How do Christians resolve moral disagreements according to Eberhard?
[B]y repeatedly insisting that they’re the ones who really know the will of god for all [t]he same reasons their opponents believe the same. And they somehow expect to resolve their moral differences this way. This is the problem with religion (well, one of many problems). There is no conclusion so inhuman or so at odds with basic competence that faith cannot be used in its defense. Religion gives strength to any opinion, including opinions so stupid they find support nowhere else but in the unflinching (and uncritical) certainty of faith.
How does the Christian actually ascertain the will of God? Mainly by reading and interpreting the Bible. How can interpreting the Bible lead to a moral consensus among Christians? Because Christians, at our best, use hermeneutics to ascertain the meaning the author intended to convey. Note, I am not saying Christians will agree on every last little detail. But a critical approach to the text weeds out preposterous interpretations. It is not possible to read the text sincerely and entertain any and all positions. Racism is one such position where a decent argument in its favor cannot be made.
There are conclusions about the world and about morality that have been discovered and confirmed through reason, and sometimes Christians luck out and stumble onto them through faith (while FSM-knows how many others stumble into sanctioned lunacy through faith). But it’s wrong to say that faith is a reliable way to get there, and by pretending like it is, whether you’re a Christian or an atheist trying to be diplomatic, you’re breathing life into the force that keeps our society at odds by lending credibility to ideas that make the world a shittier place – ideas that would otherwise be rightly thrown away.
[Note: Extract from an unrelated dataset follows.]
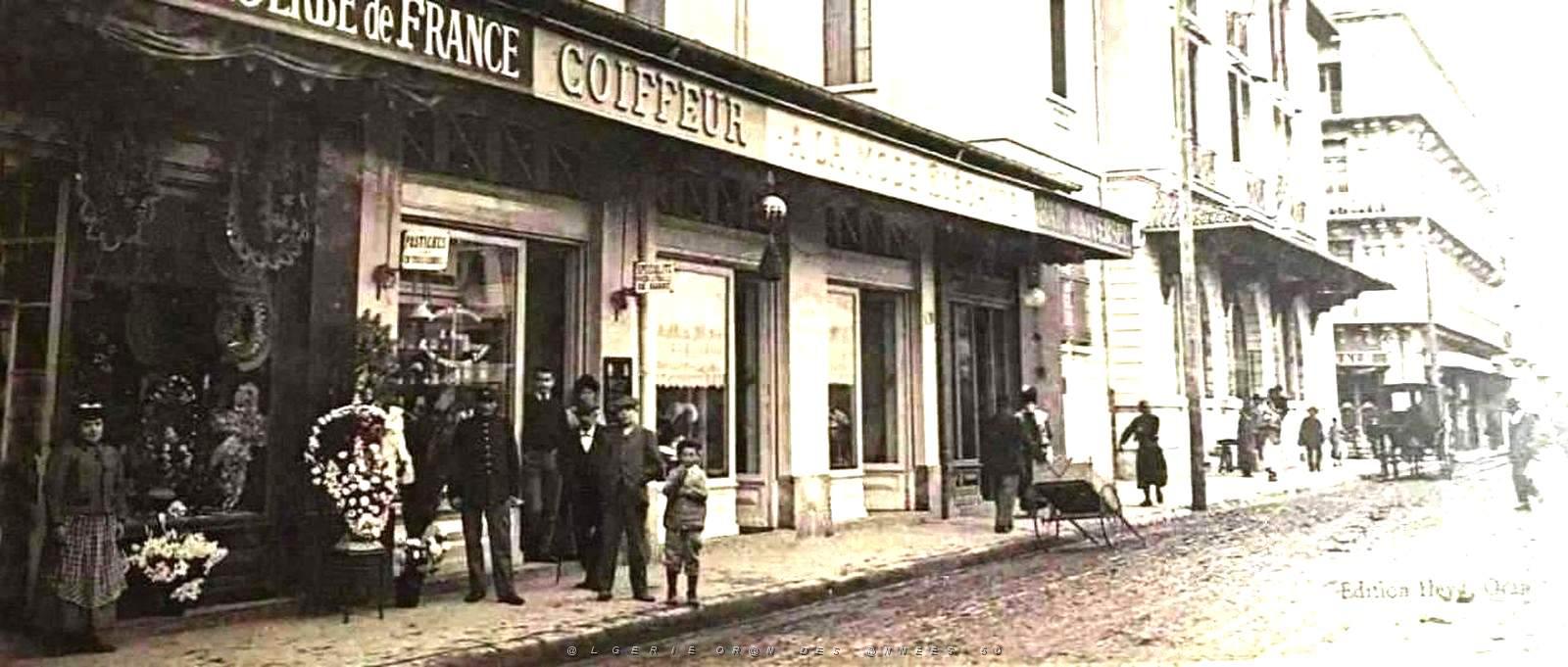 1425- Oran - Rue Alsace-Lorraine avec la Grande Poste2.jpg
Note the either/or approach to reason and faith. I take faith in God to mean a trust in God based on what God has done in the past. This trust is informed by reason: you can reason that God exists, you can reason that the Bible is historically trustworthy, you can reason that the Bible contains true prophecies, etc. For our purpose here, you can have both religious and secular reasons to be opposed to racism. There’s simply no need to pit reason and faith against each other. Christianity provides no cover for the racist and racism exists among the non-religious too.
I get the impression that JT just needed to let some anti-Christian steam out. Getting the facts right is not overly important. But my feelings toward falsehood are probably merely a result of my irrational religious beliefs. If I were a secular consequentialist I might not mind lying for the greater good.